Frazzled by rising U.S. Treasury yields, emerging stocks were on track for the first weekly loss since early December on Friday while currencies wobbled despite a frail dollar with South Africa's rand weakening 1 percent on political woes.

Losses in Asia weighed heavy on the benchmark, with South Korea seeing its stocks tumble 1.7 percent. MSCI's emerging market index fell 0.8 percent on the day and looked to end the week nearly 3 percent lower.

Equity markets around the globe have come under pressure in recent days after yields on 10-year U.S. Treasuries climbed steadily, trading at near four-year peaks, on flaring inflation expectations.

Meanwhile, JPMorgan's EMBI Global Diversified index - indicating the average premium investors demanded to hold emerging market sovereign hard-currency debt over safe-haven U.S. Treasuries - had steadily narrowed over the week.

The index lost 4 basis points from a week ago, standing at 259 bps - its lowest level since summer 2014.

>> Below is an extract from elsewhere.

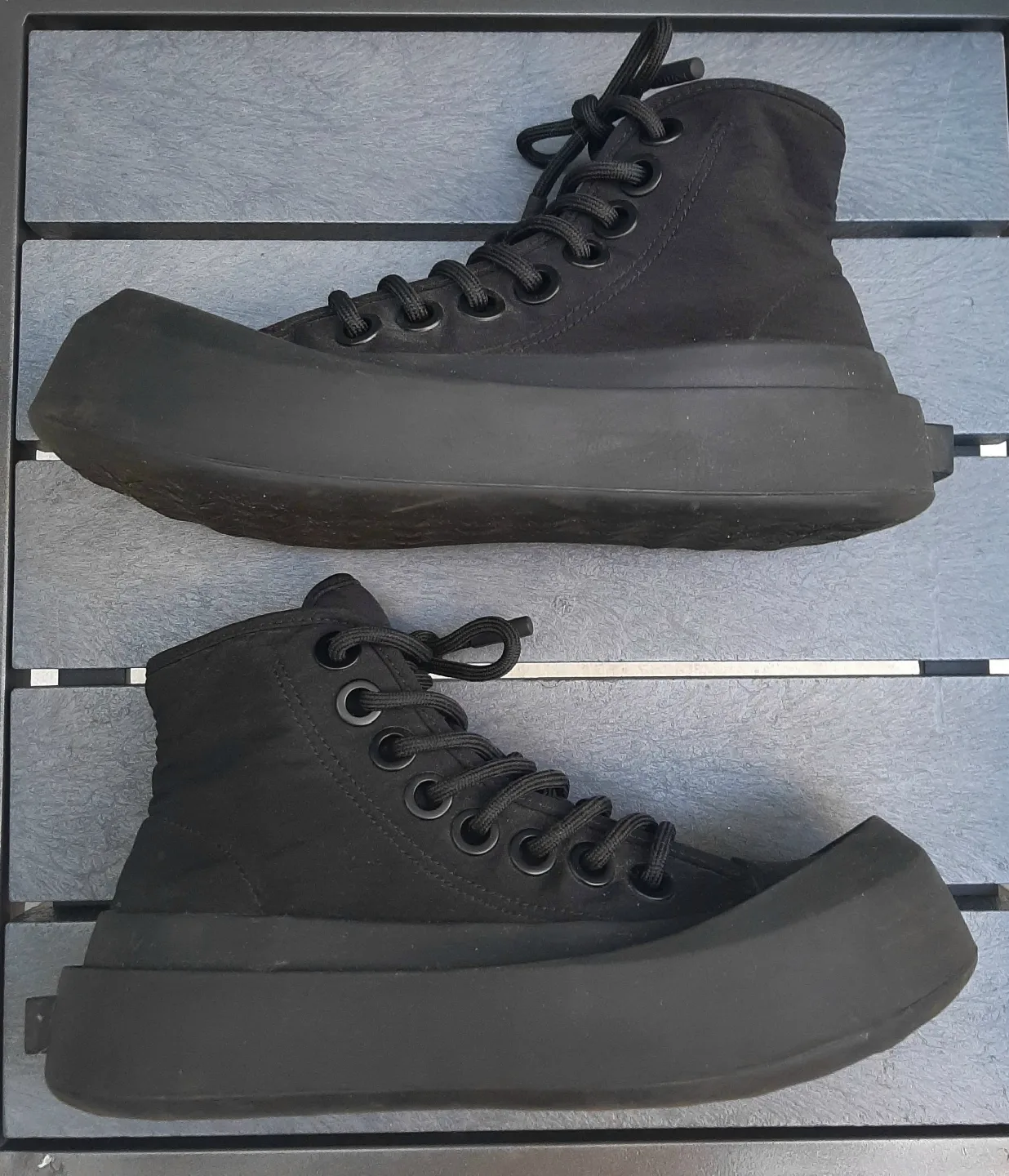 Bottega Veneta Black High-Top Sneakers EU 41 (US 8) thumbnail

"You have got a bit of hope that the rise in U.S. yields is just a function of higher global inflation expectations, and if it is that, it's associated with stronger growth," said Koon Chow, strategist at UBP.

"If that is the situation, then it's mainly a problem of U.S. Treasury yields rather than any other markets."

Yet in a sign that more pressure could be ahead, Bank of America Merrill-Lynch's indicator of market sentiment hit a "sell" signal pointing to a downturn for risk assets.

Rising U.S. yields have failed to prop up the dollar index which hovered around a three-year trough. Emerging currencies struggled to make any gains as investors were awaiting key U.S. job's data due later in the day.

South Africa's rand chalked up the biggest losses on the day, slipping more than 1 percent.